Work to be completed:
Reproduce all of the data exactly. Images are not to appear in the reply.

■ ■ ■

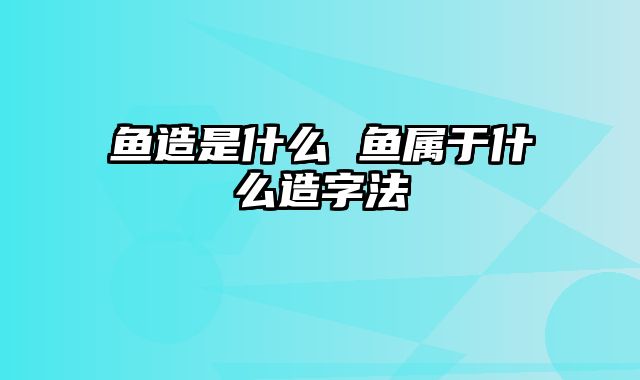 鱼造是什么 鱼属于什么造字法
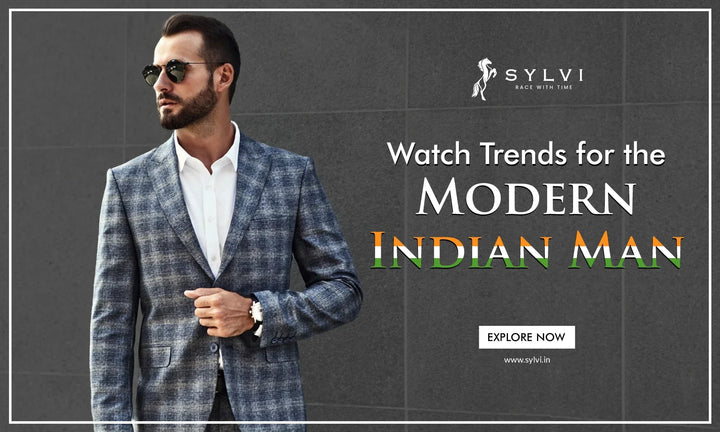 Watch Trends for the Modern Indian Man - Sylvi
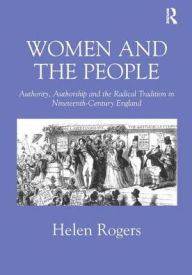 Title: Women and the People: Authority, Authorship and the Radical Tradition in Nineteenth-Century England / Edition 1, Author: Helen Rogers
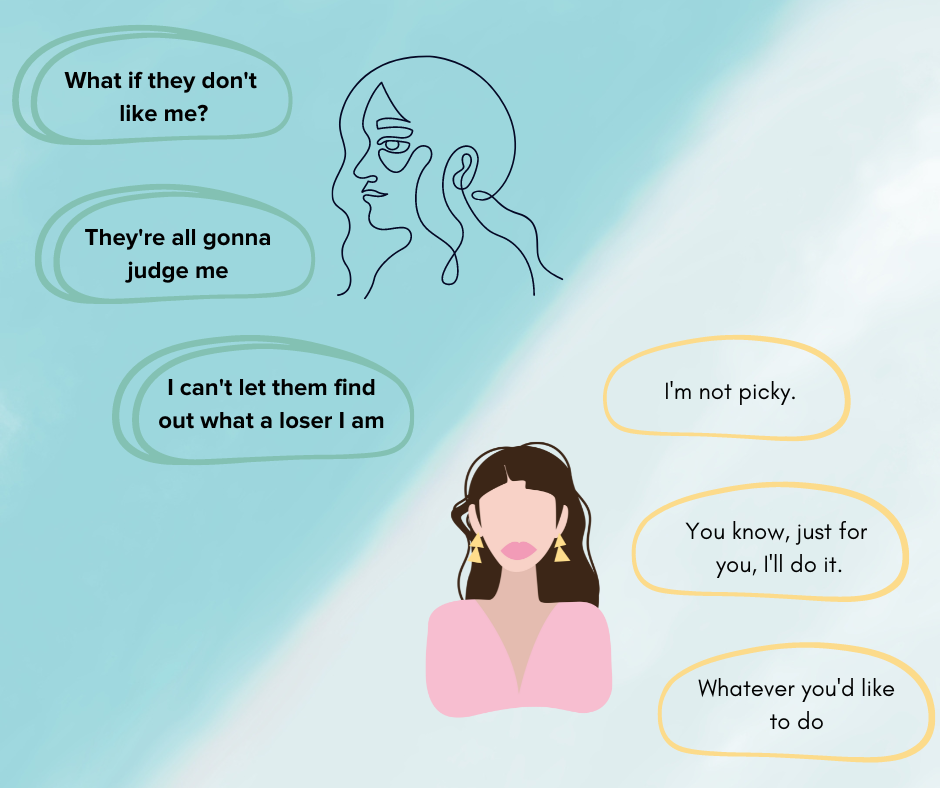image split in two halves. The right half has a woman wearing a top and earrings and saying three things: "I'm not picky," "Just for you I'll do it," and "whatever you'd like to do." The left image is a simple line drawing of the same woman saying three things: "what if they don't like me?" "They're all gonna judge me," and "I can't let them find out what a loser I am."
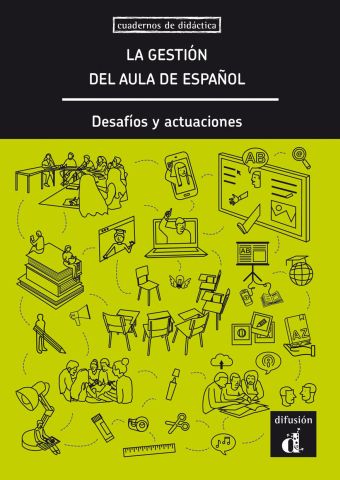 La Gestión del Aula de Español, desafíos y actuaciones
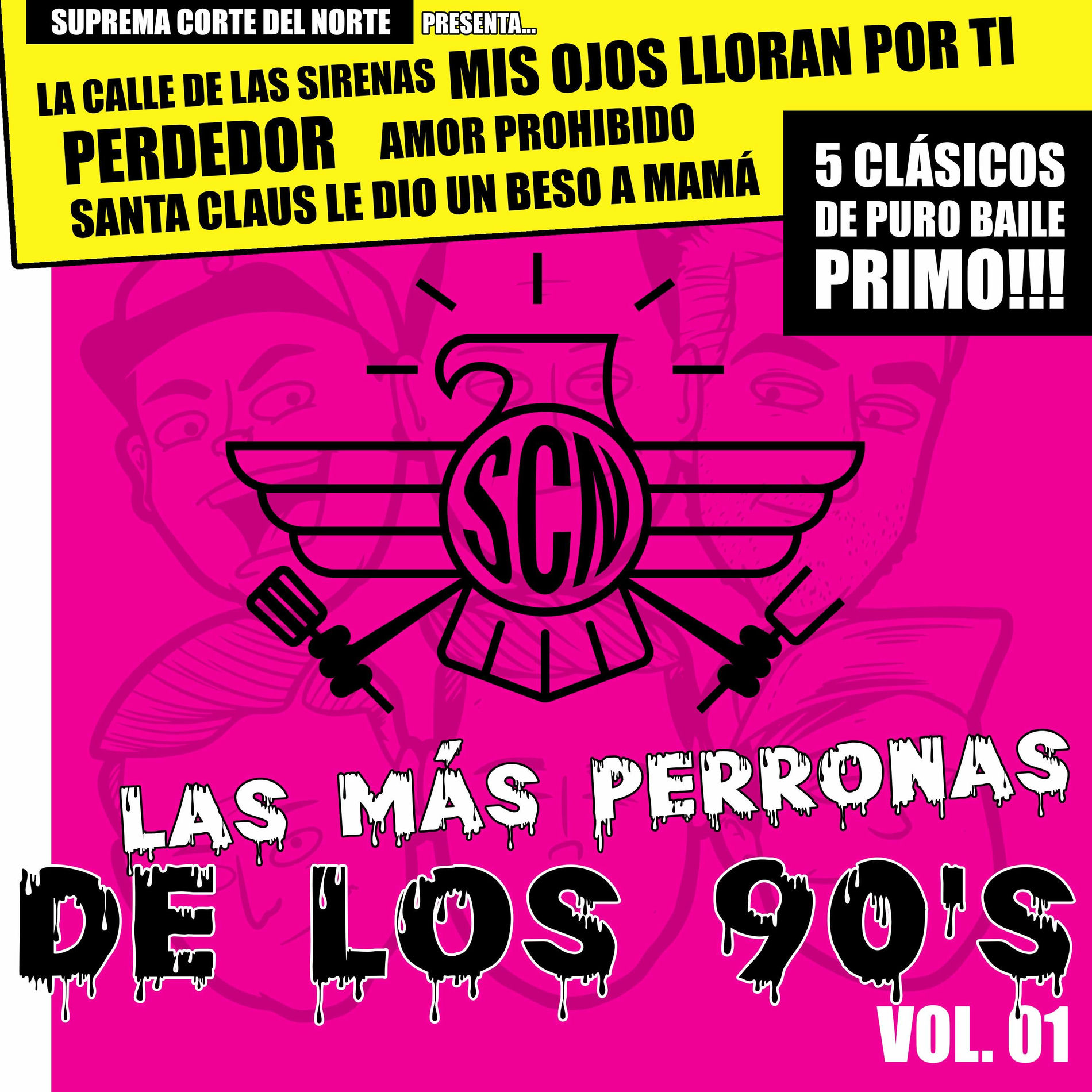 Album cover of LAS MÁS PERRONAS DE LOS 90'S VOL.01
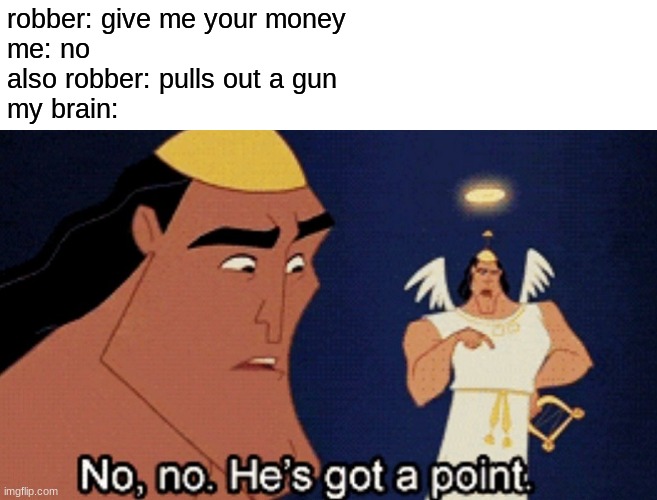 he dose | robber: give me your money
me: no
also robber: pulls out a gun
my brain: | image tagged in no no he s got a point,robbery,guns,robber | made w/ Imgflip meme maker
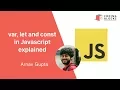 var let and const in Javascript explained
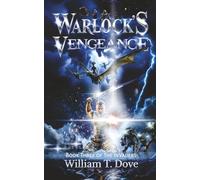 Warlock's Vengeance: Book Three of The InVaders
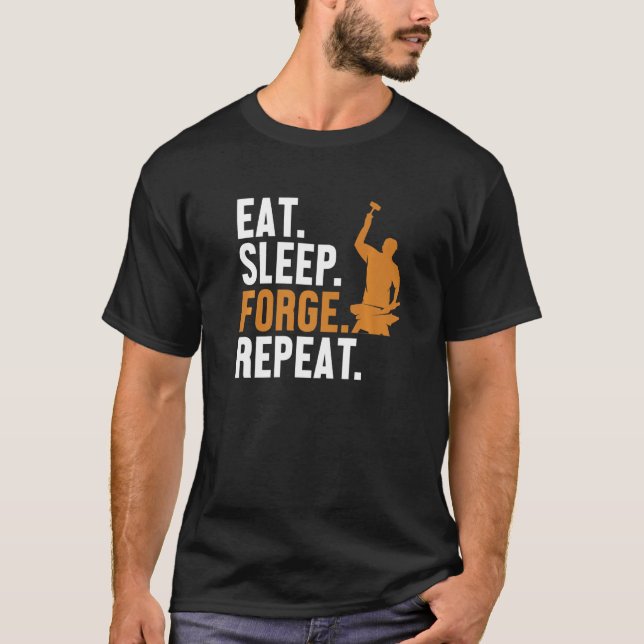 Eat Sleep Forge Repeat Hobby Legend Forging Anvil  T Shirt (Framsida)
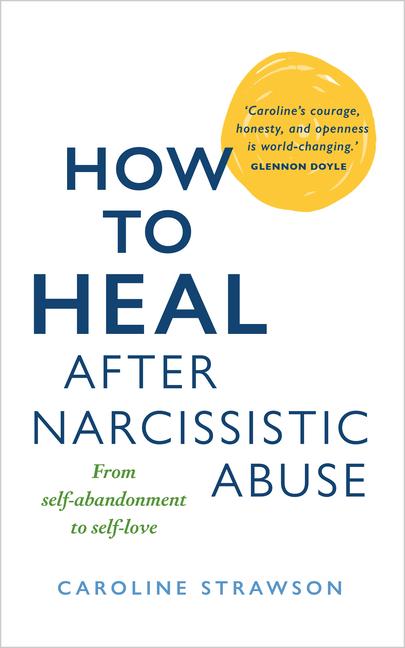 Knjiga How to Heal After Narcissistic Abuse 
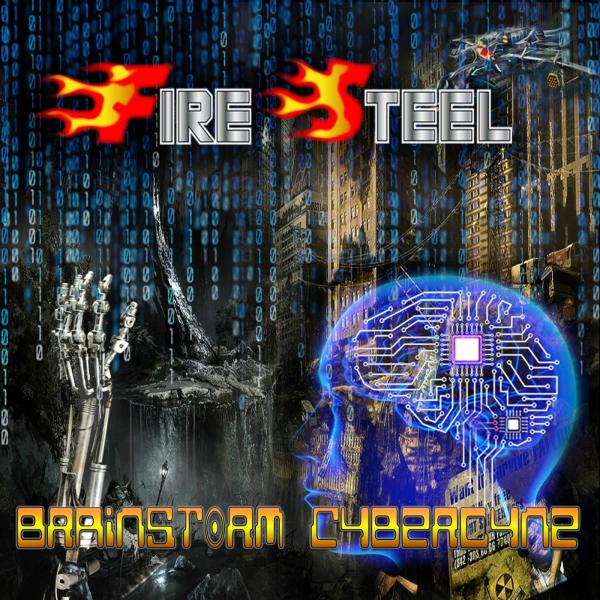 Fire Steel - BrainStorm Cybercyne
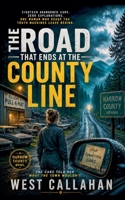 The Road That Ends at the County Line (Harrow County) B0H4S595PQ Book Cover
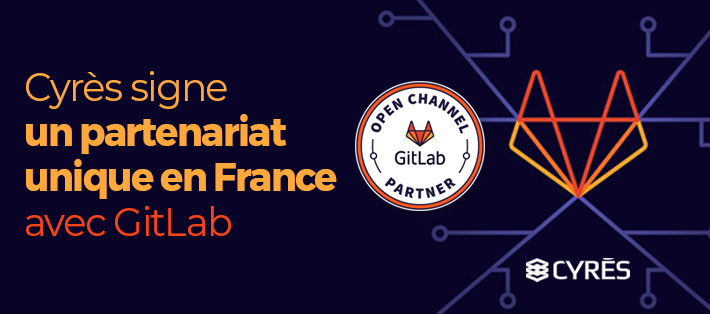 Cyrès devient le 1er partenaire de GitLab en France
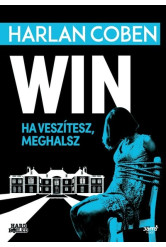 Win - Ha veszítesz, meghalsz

■ ■ ■

Written response:
 鱼造是什么 鱼属于什么造字法
 Watch Trends for the Modern Indian Man - Sylvi
 Title: Women and the People: Authority, Authorship and the Radical Tradition in Nineteenth-Century England / Edition 1, Author: Helen Rogers
image split in two halves. The right half has a woman wearing a top and earrings and saying three things: "I'm not picky," "Just for you I'll do it," and "whatever you'd like to do." The left image is a simple line drawing of the same woman saying three things: "what if they don't like me?" "They're all gonna judge me," and "I can't let them find out what a loser I am."
 La Gestión del Aula de Español, desafíos y actuaciones
 Album cover of LAS MÁS PERRONAS DE LOS 90'S VOL.01
 he dose | robber: give me your money
me: no
also robber: pulls out a gun
my brain: | image tagged in no no he s got a point,robbery,guns,robber | made w/ Imgflip meme maker
 var let and const in Javascript explained
 Warlock's Vengeance: Book Three of The InVaders
 Eat Sleep Forge Repeat Hobby Legend Forging Anvil  T Shirt (Framsida)
 Knjiga How to Heal After Narcissistic Abuse 
 Fire Steel - BrainStorm Cybercyne
 The Road That Ends at the County Line (Harrow County) B0H4S595PQ Book Cover
 Cyrès devient le 1er partenaire de GitLab en France
 Win - Ha veszítesz, meghalsz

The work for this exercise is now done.